A Group of MIT, Microsoft, and Adobe researchers have managed to reproduce sound using video alone. The sounds we make bounce off every object in the room, causing microscopic vibrations. The Visual Microphone utilizes a high-speed video camera and some clever signal processing to extract an audio signal from these vibrations. Using video of everyday objects such as snack bags, plants, Styrofoam cups, and water, the team was able to reproduce tones, music and speech. Capturing audio from light isn’t exactly new. Laser microphones have been around for years. The difference here is the fact that the visual microphone is a completely passive device. No laser or special illumination is required.
The secret is in the signal processing, which the team explains in their SIGGRAPH paper (pdf link). They used a complex steerable pyramid along with wavelet filters to obtain local pixel motion values. These local values are averaged into a global motion value. From this global motion value the team is able to measure movement down to 1/1000 of a pixel. Plenty of resolution to decode audio data.

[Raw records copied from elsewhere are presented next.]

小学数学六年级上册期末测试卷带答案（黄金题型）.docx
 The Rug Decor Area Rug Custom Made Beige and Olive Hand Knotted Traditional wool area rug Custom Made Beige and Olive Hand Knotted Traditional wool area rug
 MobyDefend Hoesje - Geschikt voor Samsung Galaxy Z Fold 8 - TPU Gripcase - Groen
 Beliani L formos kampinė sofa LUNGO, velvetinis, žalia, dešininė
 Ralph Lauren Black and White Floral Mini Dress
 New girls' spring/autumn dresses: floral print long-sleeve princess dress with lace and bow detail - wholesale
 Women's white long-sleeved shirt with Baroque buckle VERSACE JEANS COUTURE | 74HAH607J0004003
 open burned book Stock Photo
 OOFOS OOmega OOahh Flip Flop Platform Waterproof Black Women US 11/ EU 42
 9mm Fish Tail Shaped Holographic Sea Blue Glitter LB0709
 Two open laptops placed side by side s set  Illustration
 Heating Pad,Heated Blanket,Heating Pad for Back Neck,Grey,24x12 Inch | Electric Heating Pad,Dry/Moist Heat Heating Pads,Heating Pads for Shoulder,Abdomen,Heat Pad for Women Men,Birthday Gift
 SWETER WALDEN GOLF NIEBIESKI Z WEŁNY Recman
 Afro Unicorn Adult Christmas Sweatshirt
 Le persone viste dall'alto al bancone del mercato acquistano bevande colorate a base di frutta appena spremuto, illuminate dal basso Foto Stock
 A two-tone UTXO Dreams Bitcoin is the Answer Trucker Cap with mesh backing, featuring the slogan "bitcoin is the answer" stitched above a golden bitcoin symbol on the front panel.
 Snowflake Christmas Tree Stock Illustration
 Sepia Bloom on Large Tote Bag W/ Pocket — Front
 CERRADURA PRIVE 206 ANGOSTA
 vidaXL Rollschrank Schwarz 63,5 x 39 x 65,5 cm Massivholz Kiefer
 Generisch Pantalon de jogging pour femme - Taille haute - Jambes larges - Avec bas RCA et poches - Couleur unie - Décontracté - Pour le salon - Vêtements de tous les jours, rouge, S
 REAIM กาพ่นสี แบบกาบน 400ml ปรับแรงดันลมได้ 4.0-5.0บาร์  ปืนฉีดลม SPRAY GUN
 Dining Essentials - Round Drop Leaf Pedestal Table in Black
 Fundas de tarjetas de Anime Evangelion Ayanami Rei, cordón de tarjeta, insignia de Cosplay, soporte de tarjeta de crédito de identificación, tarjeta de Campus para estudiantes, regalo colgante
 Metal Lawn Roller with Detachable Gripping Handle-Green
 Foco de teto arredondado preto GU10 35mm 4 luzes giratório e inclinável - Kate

Most of the research is performed with high-speed video cameras, which are well outside the budget of the average hacker. Don’t despair though, the team did prove out that the same magic can be performed with consumer cameras, albeit with lower quality results. The team took advantage of the rolling shutter found in most of today’s CMOS imager based consumer cameras. Rolling shutter CMOS sensors capture images one row at a time. Each row can be processed in a similar fashion to the frames of the high-speed camera. There are some inter-frame gaps when the camera isn’t recording anything though. Even with the reduced resolution, it’s easy to pick out “Mary had a little lamb” in the video below.
We’re blown away by this research, and we’re sure certain organizations will be looking into it for their own use. Don’t pull out your tin foil hats yet though. Foil containers proved to be one of the best sound reflectors.